* **Exercise**
Restate the listing below word for word; no pictures belong in the copy.

Provided records: Begin

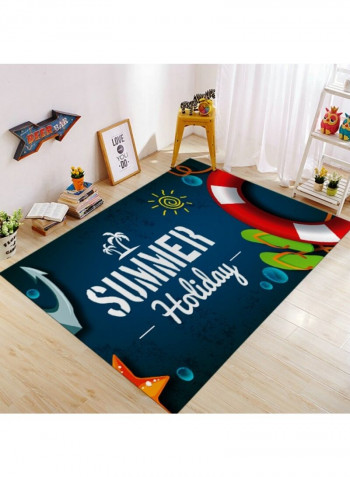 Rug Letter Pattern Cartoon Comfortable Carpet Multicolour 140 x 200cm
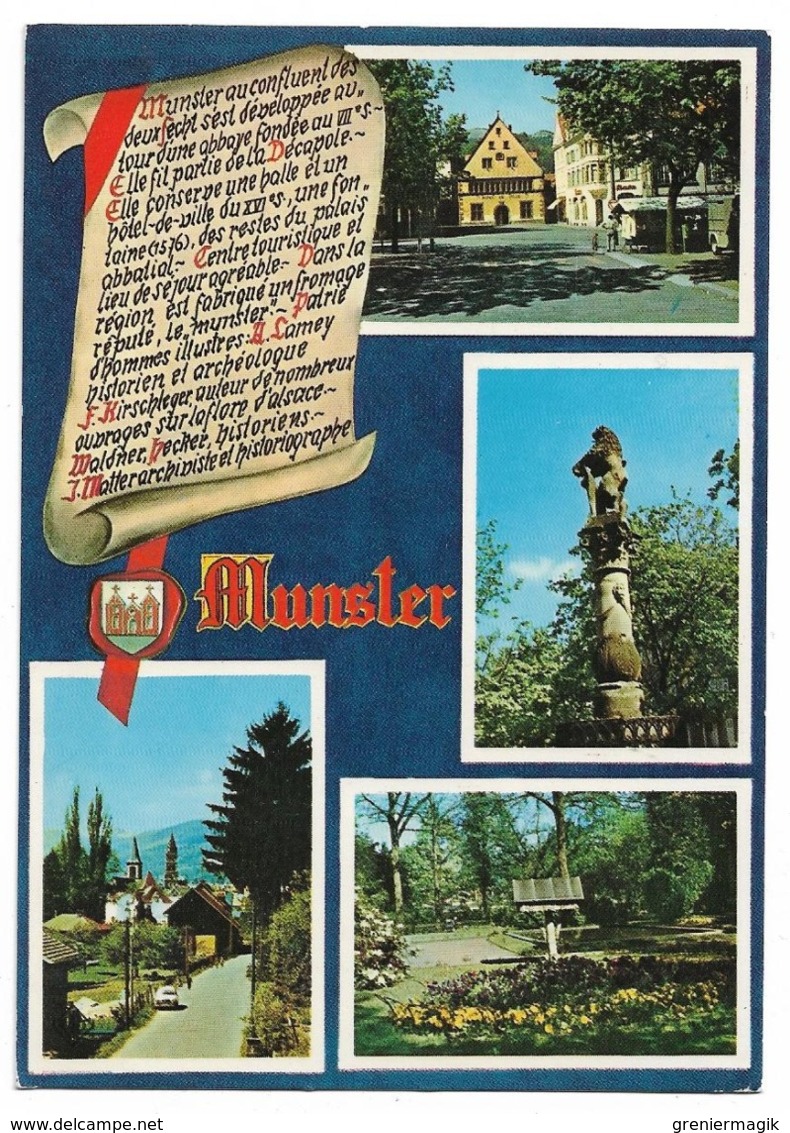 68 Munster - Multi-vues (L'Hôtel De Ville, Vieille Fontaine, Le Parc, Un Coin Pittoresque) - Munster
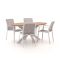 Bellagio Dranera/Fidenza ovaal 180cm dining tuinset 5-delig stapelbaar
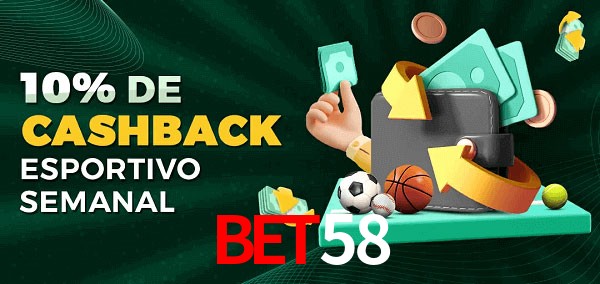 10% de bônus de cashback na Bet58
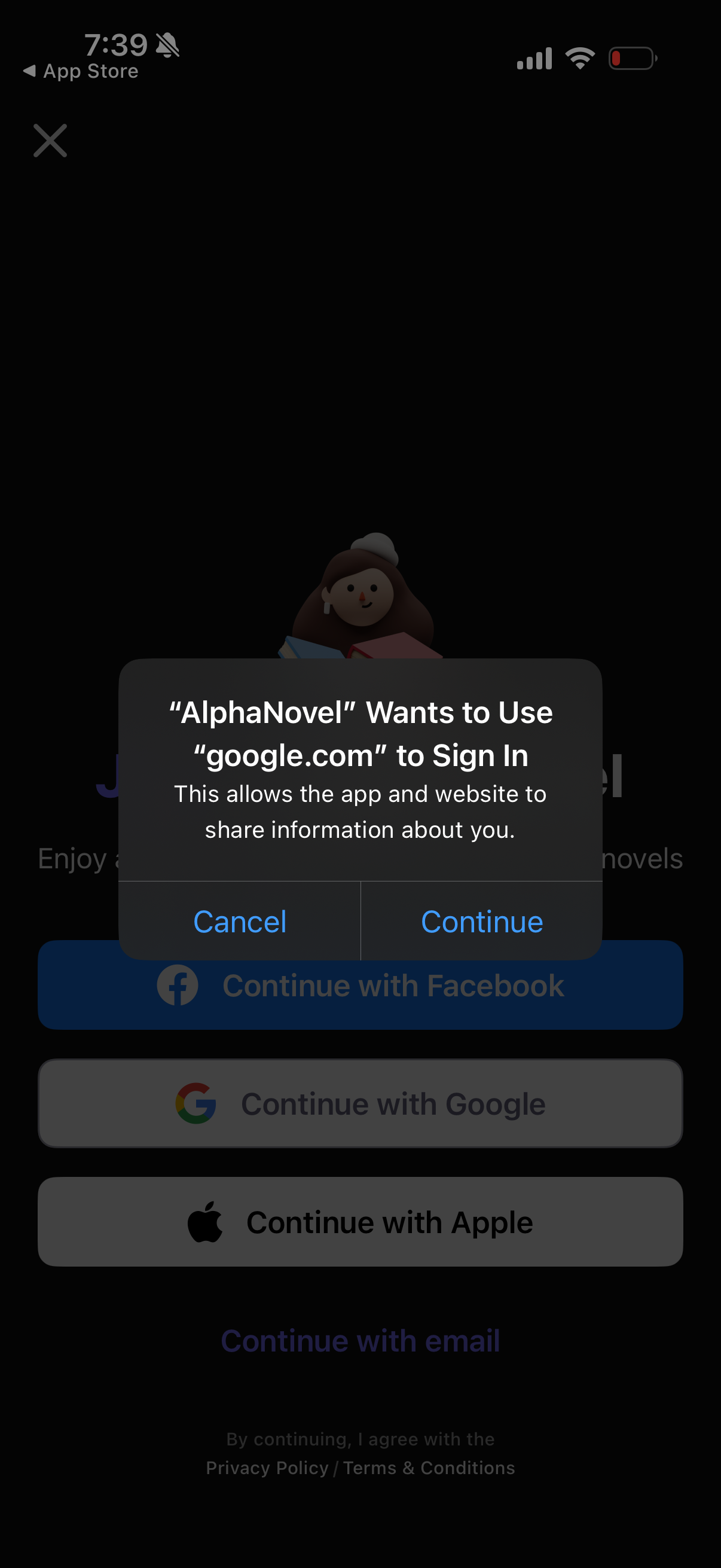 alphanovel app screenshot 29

Provided records: End

* **Solution to this task**
 Rug Letter Pattern Cartoon Comfortable Carpet Multicolour 140 x 200cm
 68 Munster - Multi-vues (L'Hôtel De Ville, Vieille Fontaine, Le Parc, Un Coin Pittoresque) - Munster
 Bellagio Dranera/Fidenza ovaal 180cm dining tuinset 5-delig stapelbaar
 10% de bônus de cashback na Bet58
 alphanovel app screenshot 29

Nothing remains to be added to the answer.